Task directions: Below are records with pictures in them. Output exactly the lines from the one with "Players British Mammals" through the one with "photo 2022-10-23 07-15-36", both included, and leave every picture out; give only those lines.

(Records supplied Opens)

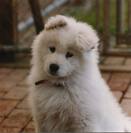 pets - its a samoyed all white and fuzzy its a puppy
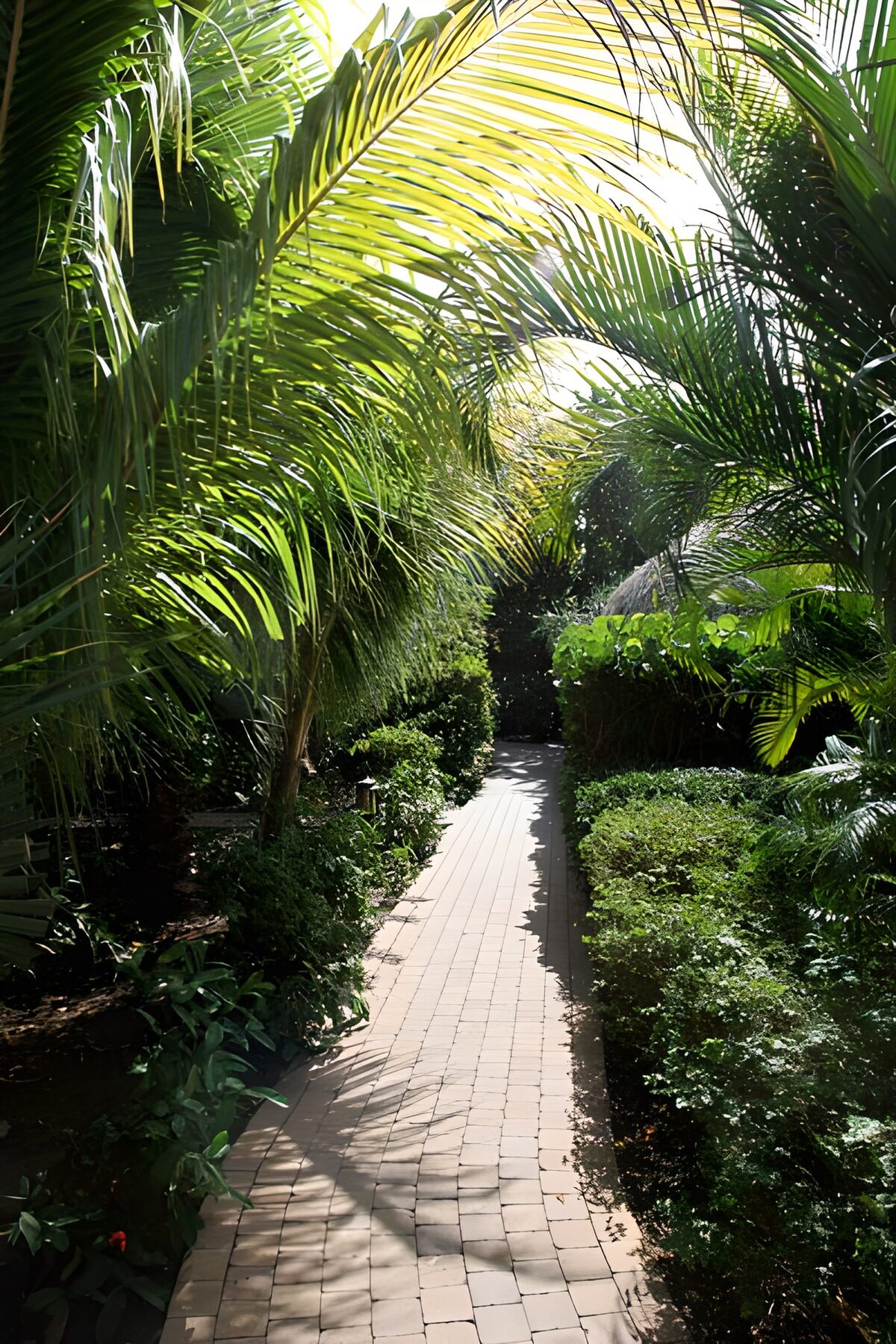 TPES33784: Sendero entre palmeras a la sombra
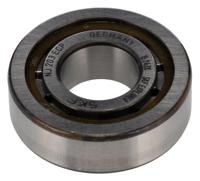 nj-203-ecp SKF NJ 203 ECP Cylindrical 17 mm ID Roller Bearing, 40 mm OD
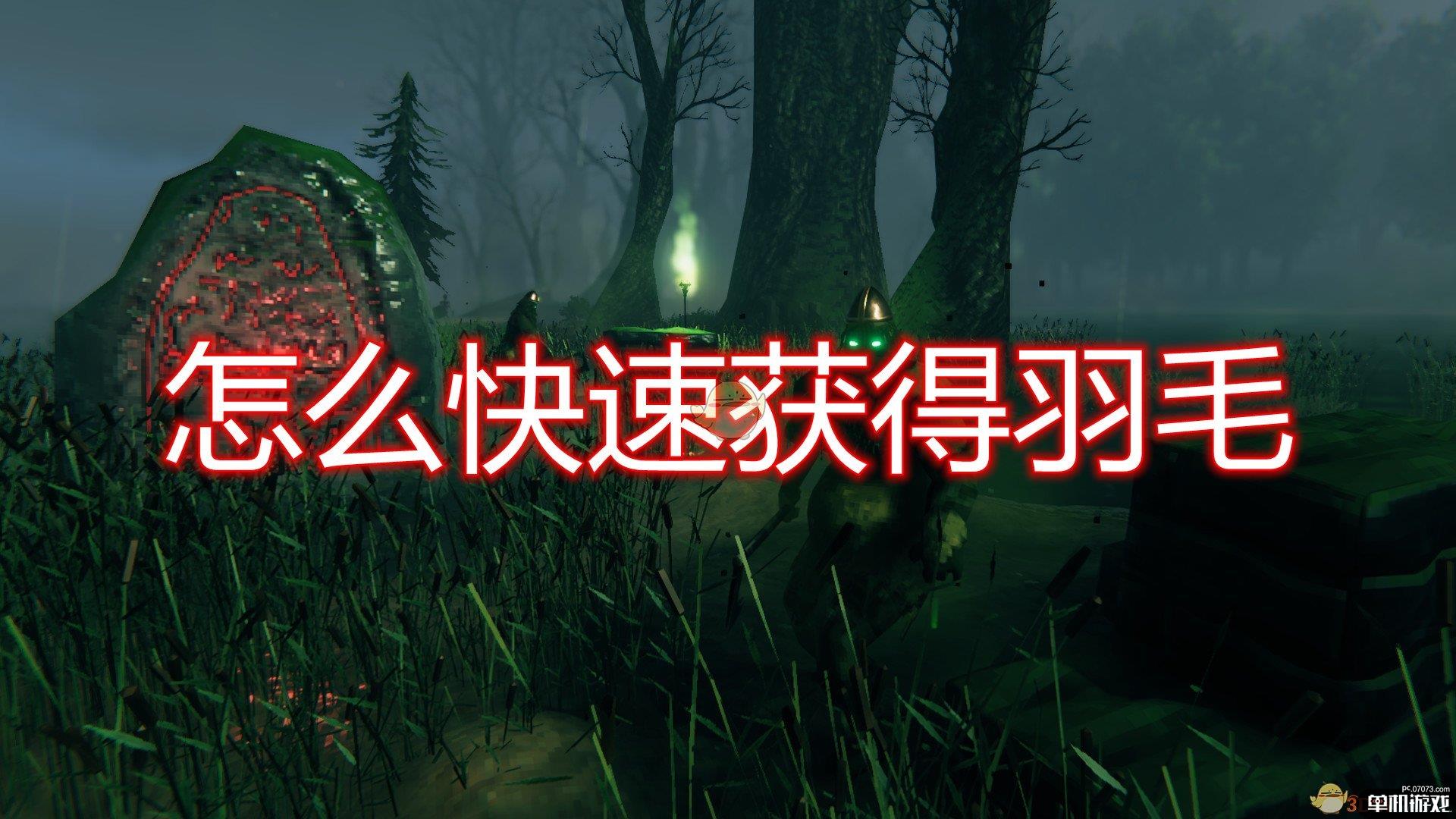 《Valheim：英灵神殿》快速获得羽毛方法介绍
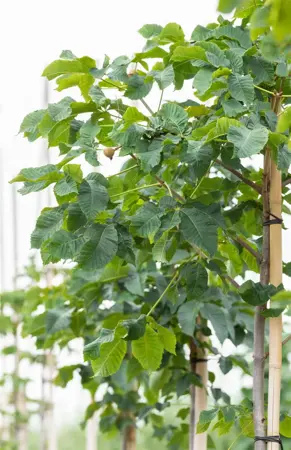 Aesculus carnea 'Briotii' - STDS 18-20 CM RB - image 5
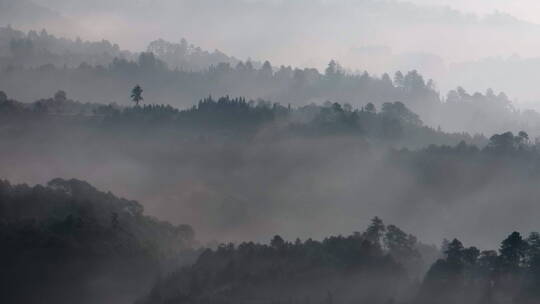 清晨的山林云雾山水画视频素材模板下载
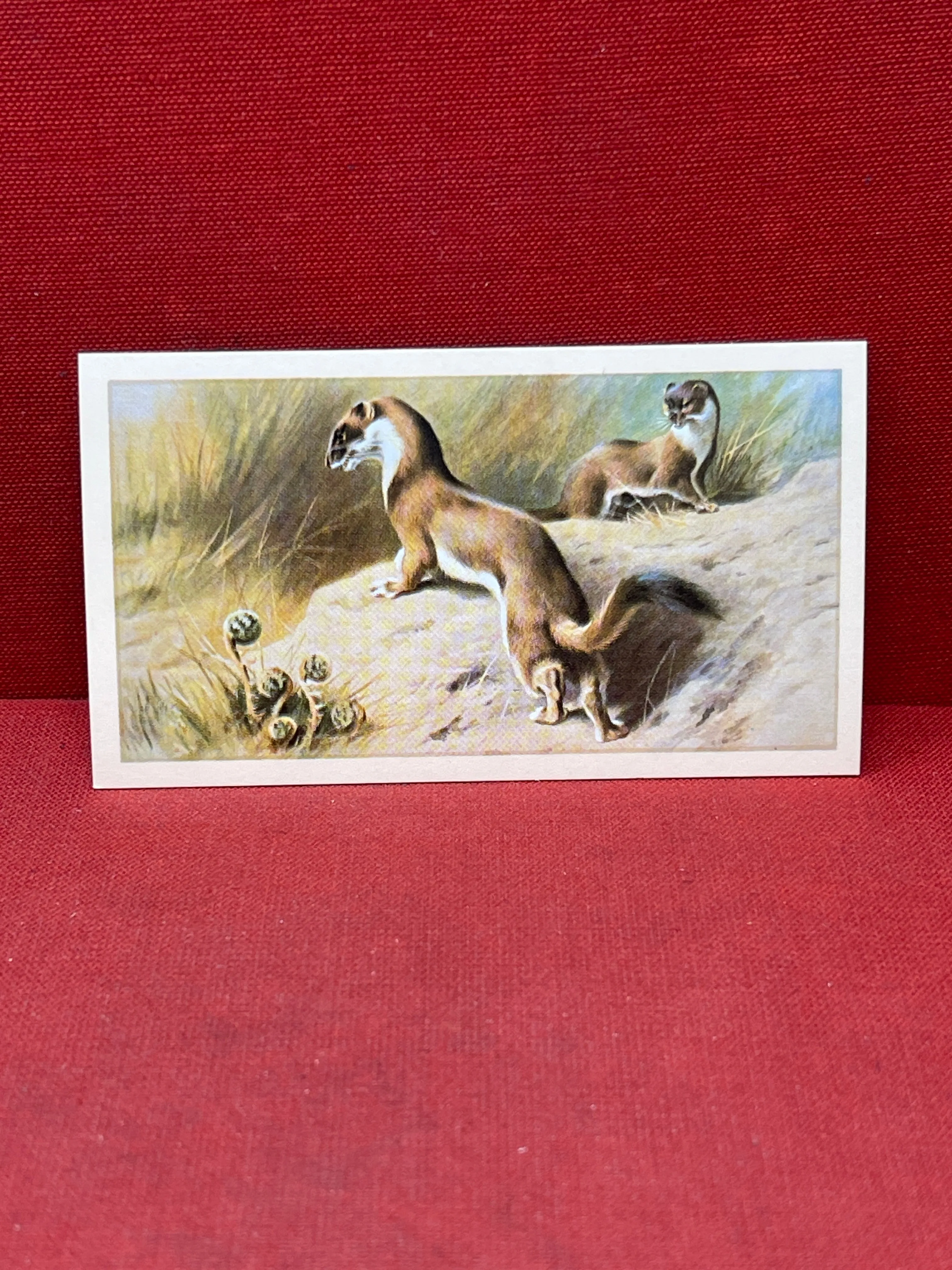 Players British Mammals Grandee Ltd Issue 1982 Cigarette Cards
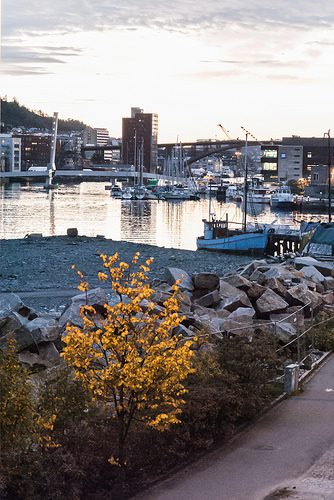 Sidewalk by Solheimsviken Bay
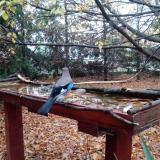 photo 2022-10-23 07-15-36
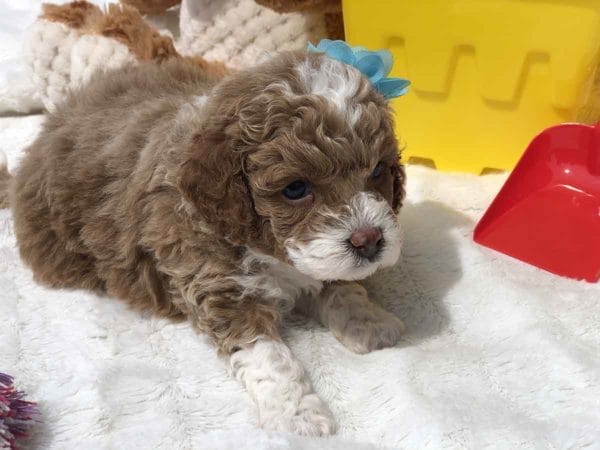 Micro Goldendoodle, Micro Golden doodle, Micro Goldendoodle puppies, Micro Golden doodle puppies, Micro doodle puppies, Teacup Goldendoodle, Goldendoodle, Mini Goldendoodle, Doodle Dogs, Toy Goldendoodle, Red Goldendoodle, Teddy Bear Teacup, Mini Doodle Dog, Teddy Bear Goldendoodle, Teddy Bear Doodle, Apricot Goldendoodle, Toy Golden Doodle, Mini Doodle Dogs, Golden Doodle, Teacup Goldendoodle, Teacup Goldendoodle Puppies, goldendoodle, mini goldendoodle, goldendoodle puppies, Teddy Bear Goldendoodle, goldendoodle puppies for sale, golden doodle, golden doodle puppies, golden doodles, Teddy Bear Doodle, Toy Goldendoodle, Red Goldendoodle, Toy Golden Doodle, Micro Goldendoodle AL, Micro Goldendoodle AK, Micro Goldendoodle AZ, Micro Goldendoodle AR, Micro Goldendoodle CA, Micro Goldendoodle CO, Micro Goldendoodle CT, Micro Goldendoodle DE, Micro Goldendoodle FL, Micro Goldendoodle GA, Micro Goldendoodle HI, Micro Goldendoodle ID, Micro Goldendoodle IL, Micro Goldendoodle IN, Micro Goldendoodle IA, Micro Goldendoodle KS, Micro Goldendoodle KY, Micro Goldendoodle LA, Micro Goldendoodle ME, Micro Goldendoodle MD, Micro Goldendoodle MA, Micro Goldendoodle MI, Micro Goldendoodle MN, Micro Goldendoodle MS, Micro Goldendoodle MO, Micro Goldendoodle MT, Micro Goldendoodle NE, Micro Goldendoodle NV, Micro Goldendoodle NH, Micro Goldendoodle NJ, Micro Goldendoodle NM, Micro Goldendoodle NY, Micro Goldendoodle NC, Micro Goldendoodle ND, Micro Goldendoodle OH, Micro Goldendoodle OK, Micro Goldendoodle OR, Micro Goldendoodle PA, Micro Goldendoodle RI, Micro Goldendoodle SC, Micro Goldendoodle SD, Micro Goldendoodle TN, Micro Goldendoodle TX, Micro Goldendoodle UT, Micro Goldendoodle VT, Micro Goldendoodle VA, Micro Goldendoodle WA, Micro Goldendoodle WV, Micro Goldendoodle WI, Micro Goldendoodle WY, TEACUP GOLDENDOODLE PUPPIES, Precious Doodle Dogs, Teacup Doodle Dogs, Goldendoodle, Doodle Dog, Golden Doodles, Goldendoodle for sale, Goldendoodle puppies for sale, Miniature goldendoodle, goldendoodle puppies, mini goldendoodle, mini puppies, mini goldendoodle size, Mini Doodle Dogs, f1 goldendoodle, golden retriever poodle, chocolate goldendoodle, small doodles, goldendoodle temperament, goldendoodle colors, goldendoodle price, white goldendoodle, f2 goldendoodle, mini goldendoodle price, mini goldendoodle full grown, f1 mini goldendoodle, f1b goldendoodle, parti goldendoodle, goldendoodles near me, english goldendoodle, australian goldendoodle, red goldendoodle, doodle breeds, brown goldendoodle, goldendoodle cost, adult mini goldendoodle, golden noodle dog, doodle dog breeds, miniature golden doodle, miniature puppies, golden retriever poodle mix, A Star is Born, A star is born goldendoodle, a star is born dog, Bradley Cooper's Dog, Bradley Cooper Dog, Bradley Cooper's Goldendoodle, arizona goldendoodles, goldendoodle training, goldendoodle size, how big do mini goldendoodles get, goldendoodle full grown, baby goldendoodle, goldendoodle houston, golden doodles for sale, adult goldendoodle, apricot goldendoodle, goldendoodle grooming, mini golden doodles, goldendoodle shedding, f2b goldendoodle, goldendoodle hypoallergenic, goldendoodle names, english cream goldendoodle, golden retriever and poodle mix, mini goldendoodle puppies, micro goldendoodle, mini goldendoodle puppies for sale, miniature goldendoodle for sale, goldendoodle puppies for adoption, teddy bear goldendoodle, mini goldendoodle rescue, medium goldendoodle, black goldendoodle, mini goldendoodle for sale near me, goldendoodle puppies for sale near me, mini doodle, doodle puppies, mini goldendoodle for sale, goldendoodle breeders near me, miniature goldendoodle for sale near me, toy goldendoodle, petite goldendoodle, golden doodle dog, miniature goldendoodle puppies, mini goldendoodle puppies for sale near me, goldendoodles for sale near me, mini goldedoodle breeders, goldendoodle adoption, f1b mini goldendoodle, small goldendoodle, teacup goldendoodle, goldendoodle puppies near me, goldendoodle breeders, how to groom a goldendoodle, great doodle puppies, golden doodle mix, goldendoodle tampa, goldendoodle facts, white doodle dog, white goldendoodle puppy, mini goldendoodle maryland, country mini doodles, goldendoodle los angeles, toy labradoodle puppies for sale, types of goldendoodles, mini golden retriever puppies, golden goldendoodle, mini golden retriever puppies for sale, miniature australian goldendoodle, goldendoodle sacramento, goldendoodle omaha, labradoodle goldendoodle, f1 medium goldendoodle, BEST goldendoodles, pictures of mini goldendoodles, teacup goldendoodle full grown, micro mini goldendoodle full grown, toy goldendoodle price, goldendoodle chicago, retriever doodle, teacup goldendoodle puppies for sale, cute goldendoodle, mini teddy bear puppies, miniature goldendoodle full grown, f2 mini goldendoodle, goldendoodle spokane, mini goldendoodle chicago, micro mini goldendoodle, how nbig do miniature goldendoodles get, brown mini goldendoodle, mini doodle breeds, poodle doodle dog, what is a mini goldendoodle, black mini goldendoodle, mini irish doodle puppies for sale, f1b goldendoodle size, toy golden doodles, chocolate brown goldendoodle puppies for sale, petite goldendoodle full grown, goldendoodle behavior, american goldendoodle, f1b medium goldendoodle, goldendoodle puppy cost, cute goldendoodle puppies, goldendoodle indianapolis, teddy goldendoodle, mini goldendoodle weight, teddy bear golden doodles, f1b goldendoodle puppies for sale, miniature goldendoodle size, chocolate goldendoodle puppy, english cream mini goldendoodle, doodle puppies near me, red miniature goldendoodle, cream goldendoodle, goldendoodle puppy cut, mini goldendoodle hypoallergenic, dog breed goldendoodle, goldendoodle poodle mixes, goldendoodle allergies, goldendoodle info, sandy ridge goldendoodles, lakeshore goldendoodles, toy goldendoodle puppies for sale, labradoodle and goldendoodle, goldendoodle las vegas, goldendoodle phoenix, doodle breeders near me, miniature goldendoodle weight, black and white goldendoodle, sarasota goldendoodles, mini goldendoodle dallas, a goldendoodle, what is a goldendoodle, goldendoodle dallas, mini golden doodles for sale, ginger doodle puppy, how much does a mini goldendoodle cost, goldendoodle san antonio, goldendoodle photos, goldendoodle cuts, chocolate mini goldendoodle, all about goldendoodles, goldendoodle cincinnati, black doodle dog, goldendoodle weight, miniature goldendoodle breeders, goldendoodle information, miniature goldendoodle puppies for sale, doodle puppies for sale near me, black labradoodle puppies for sale, goldendoodle seattle, golden doodles near me, teacup goldendoodle for sale, golden retriever poodle puppy, goldendoodle rochester ny, goldendoodle and poodle mix, akc goldendoodle, goldendoodle kansas city, mini goldendoodle facts, goldendoodle austin, goldendoodle doodle, goldendoodle tulsa, curly goldendoodle, brown goldendoodle puppies, f1b labradoodle puppies for sale, red mini goldendoodle, goldendoodle poodle, chocolate goldendoodle for sale, tiny goldendoodle, goldendoodle puppies breeders, english goldendoodle puppies for sale, mini golden labradoodle, f1b mini teddy bear goldendoodles, red goldendoodle puppies for sale, miniature golden retriever breeders, f1 goldendoodles for sale, teacup goldendoodle puppies, toy mini goldendoodle, xs petite goldendoodle, f2 goldendoodle puppies for sale, mini goldendoodle cost, black goldendoodle for sale, english teddy bear goldendoodle, small doodle dogs, goldendoodle nashville, english goldendoodle puppies, golden retriever poodle mix for sale, red goldendoodle puppy, parti goldendoodles for sale, english cream goldendoodles for sale, doodle puppies for sale, golden retriever poodle mix puppies, goldendoodle tucson, f1b mini goldendoodle puppies for sale, mini goldendoodle breeders northeast, teddy bear goldendoodle, toy goldendoodle rescue, petite mini goldendoodle, goldendoodle stuff, mini goldendoodles near me, teddy bear goldendoodle puppies, f1 goldendoodle puppies, teddy bear goldendoodles for sale, silver goldendoodle, buy goldendoodle, mini golden doodle dog, teddy bear goldendoodles mini, micro mini goldendoodle puppies for sale, goldendoodle dogs for sale, best goldendoodle breeders, chocolate goldendoodle puppies for sale, doodle dogs for sale, toy goldendoodle puppies, mini doodle dog, toy goldendoodle breeders, doodles for sale, goldendoodle hypoallergenic dog, mini goldendoodle breeders near me, english goldendoodle breeders, f1b mini goldendoodle for sale, teacup goldendoodle price, petite goldendoodle for sale, mini english goldendoodle, mini goldendoodle info, miniature goldendoodle puppies for sale near me, black goldendoodle puppies for sale, f1 goldendoodle puppies for sale, Teacup Goldendoodles AL, Teacup Goldendoodles AK, Teacup Goldendoodles AZ, Teacup Goldendoodles AR, Teacup Goldendoodles CA, Teacup Goldendoodles CO, Teacup Goldendoodles CT, Teacup Goldendoodles DE, Teacup Goldendoodles FL, Teacup Goldendoodles GA, Teacup Goldendoodles HI, Teacup Goldendoodles ID, Teacup Goldendoodles IL, Teacup Goldendoodles IN, Teacup Goldendoodles IA, Teacup Goldendoodles KS, Teacup Goldendoodles KY, Teacup Goldendoodles LA, Teacup Goldendoodles ME, Teacup Goldendoodles MD, Teacup Goldendoodles MA, Teacup Goldendoodles MI, Teacup Goldendoodles MN, Teacup Goldendoodles MS, Teacup Goldendoodles MO, Teacup Goldendoodles MT, Teacup Goldendoodles NE, Teacup Goldendoodles NV, Teacup Goldendoodles NH, Teacup Goldendoodles NJ, Teacup Goldendoodles NM, Teacup Goldendoodles NY, Teacup Goldendoodles NC, Teacup Goldendoodles ND, Teacup Goldendoodles OH, Teacup Goldendoodles OK, Teacup Goldendoodles OR, Teacup Goldendoodles PA, Teacup Goldendoodles RI, Teacup Goldendoodles SC, Teacup Goldendoodles SD, Teacup Goldendoodles TN, Teacup Goldendoodles TX, Teacup Goldendoodles UT, Teacup Goldendoodles VT, Teacup Goldendoodles VA, Teacup Goldendoodles WA, Teacup Goldendoodles WV, Teacup Goldendoodles WI, Teacup Goldendoodles WY, Teacup Golden Doodles AL, Teacup Golden Doodles AK, Teacup Golden Doodles AZ, Teacup Golden Doodles AR, Teacup Golden Doodles CA, Teacup Golden Doodles CO, Teacup Golden Doodles CT, Teacup Golden Doodles DE, Teacup Golden Doodles FL, Teacup Golden Doodles GA, Teacup Golden Doodles HI, Teacup Golden Doodles ID, Teacup Golden Doodles IL, Teacup Golden Doodles IN, Teacup Golden Doodles IA, Teacup Golden Doodles KS, Teacup Golden Doodles KY, Teacup Golden Doodles LA, Teacup Golden Doodles ME, Teacup Golden Doodles MD, Teacup Golden Doodles MA, Teacup Golden Doodles MI, Teacup Golden Doodles MN, Teacup Golden Doodles MS, Teacup Golden Doodles MO, Teacup Golden Doodles MT, Teacup Golden Doodles NE, Teacup Golden Doodles NV, Teacup Golden Doodles NH, Teacup Golden Doodles NJ, Teacup Golden Doodles NM, Teacup Golden Doodles NY, Teacup Golden Doodles NC, Teacup Golden Doodles ND, Teacup Golden Doodles OH, Teacup Golden Doodles OK, Teacup Golden Doodles OR, Teacup Golden Doodles PA, Teacup Golden Doodles RI, Teacup Golden Doodles SC, Teacup Golden Doodles SD, Teacup Golden Doodles TN, Teacup Golden Doodles TX, Teacup Golden Doodles UT, Teacup Golden Doodles VT, Teacup Golden Doodles VA, Teacup Golden Doodles WA, Teacup Golden Doodles WV, Teacup Golden Doodles WI, Teacup Golden Doodles WY,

(Records supplied Closes)

Your response:
 Players British Mammals Grandee Ltd Issue 1982 Cigarette Cards
 Sidewalk by Solheimsviken Bay
 photo 2022-10-23 07-15-36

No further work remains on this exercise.